» EXERCISE DIRECTIONS
The result should be an exact copy of only the lines from the one holding "Jethro Tull - Thick As A Brick" through the last line of the data below, please, without pictures.

────────────────────────────────────────

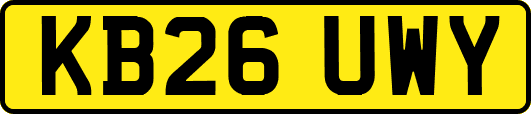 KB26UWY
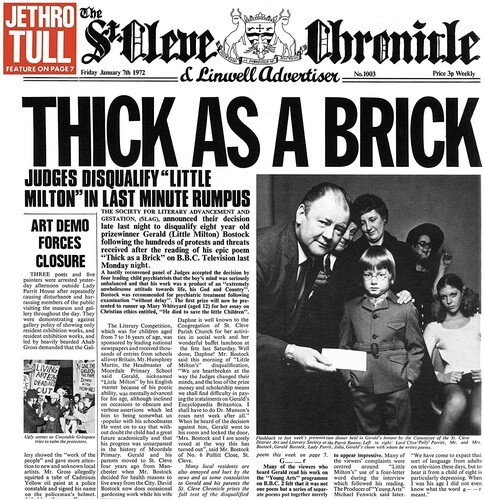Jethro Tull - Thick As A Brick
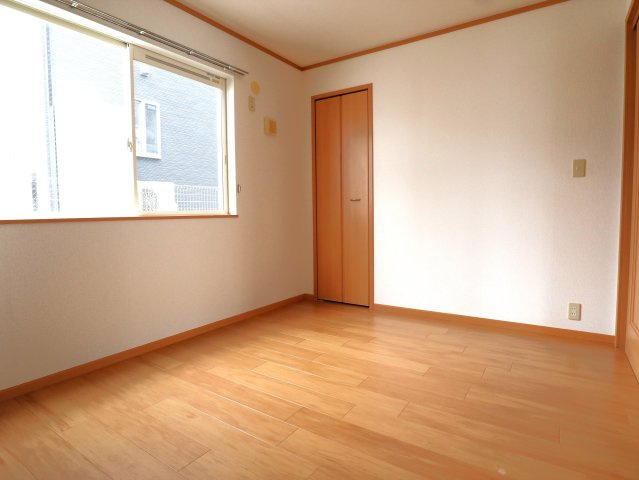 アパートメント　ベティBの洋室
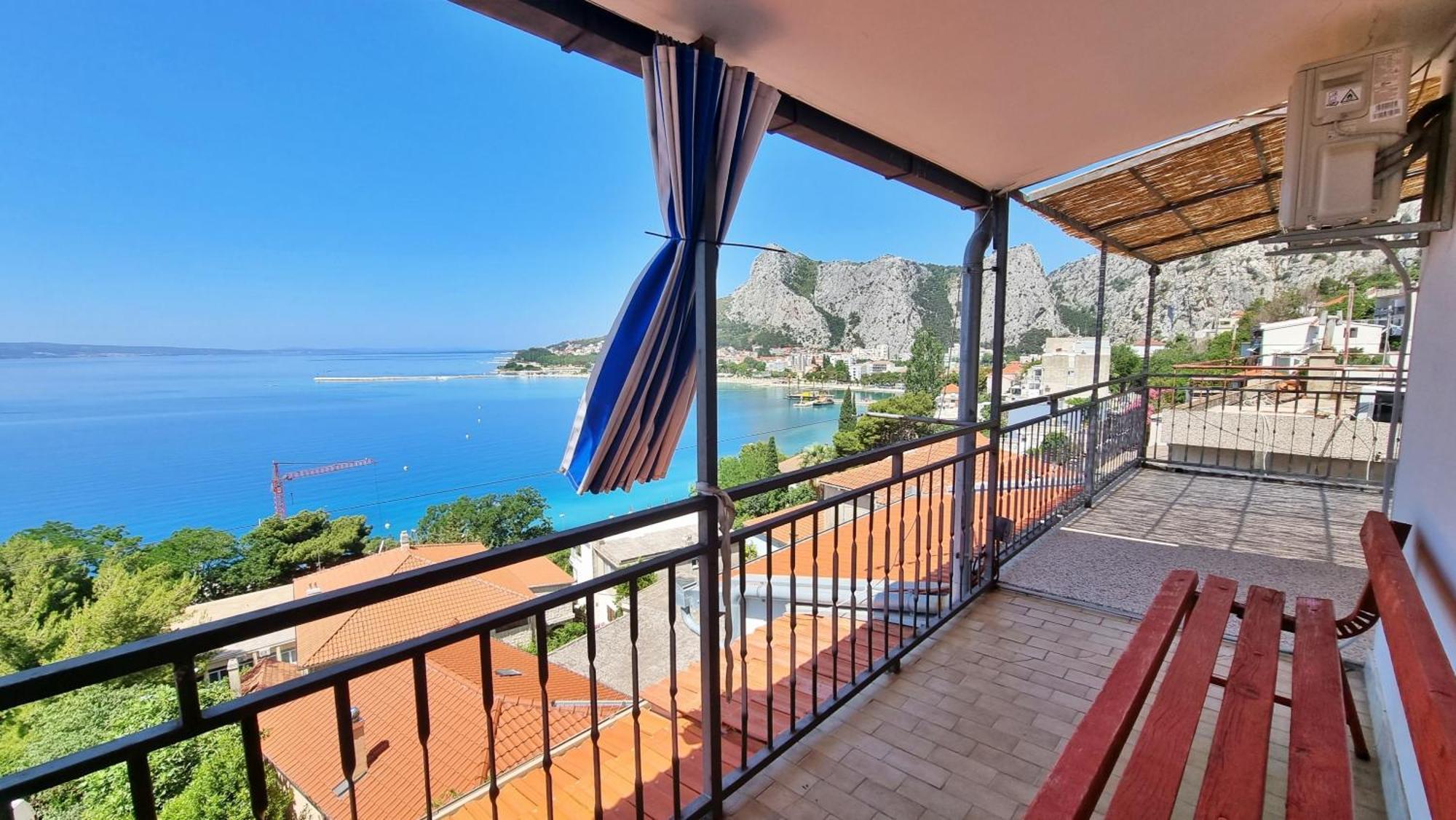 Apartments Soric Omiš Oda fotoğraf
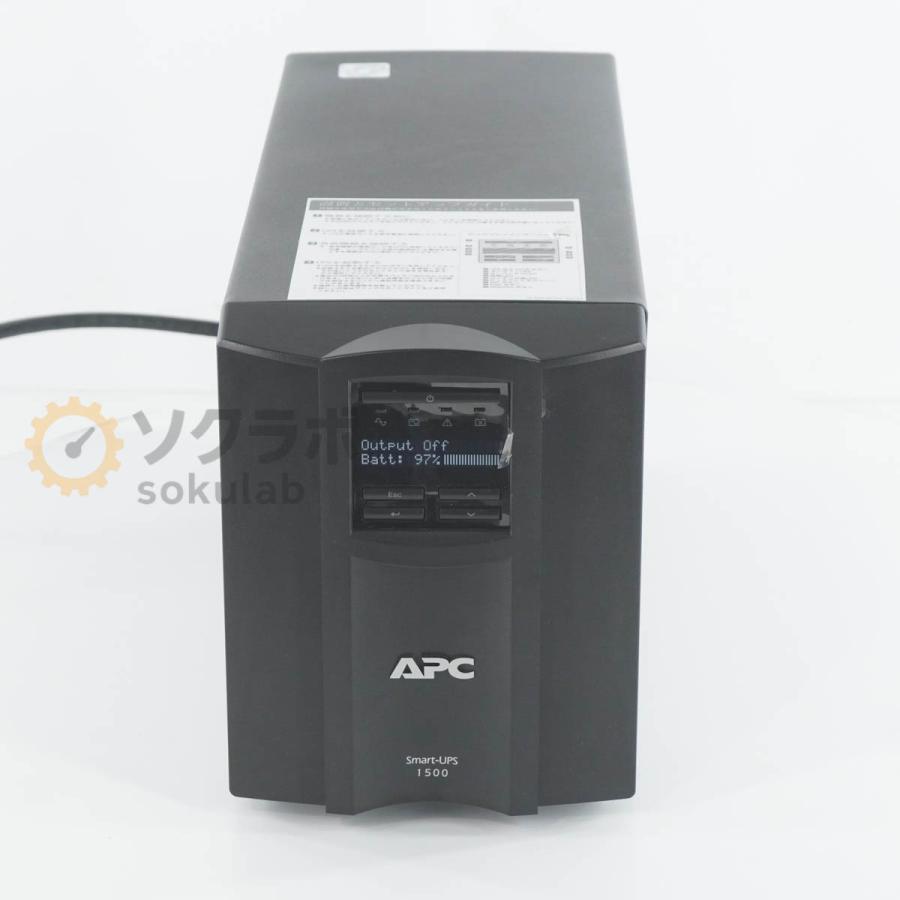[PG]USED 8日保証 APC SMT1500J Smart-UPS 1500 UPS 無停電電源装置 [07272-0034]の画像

────────────────────────────────────────

» ANSWER FOR THE TASK
Jethro Tull - Thick As A Brick
 アパートメント　ベティBの洋室
 Apartments Soric Omiš Oda fotoğraf
[PG]USED 8日保証 APC SMT1500J Smart-UPS 1500 UPS 無停電電源装置 [07272-0034]の画像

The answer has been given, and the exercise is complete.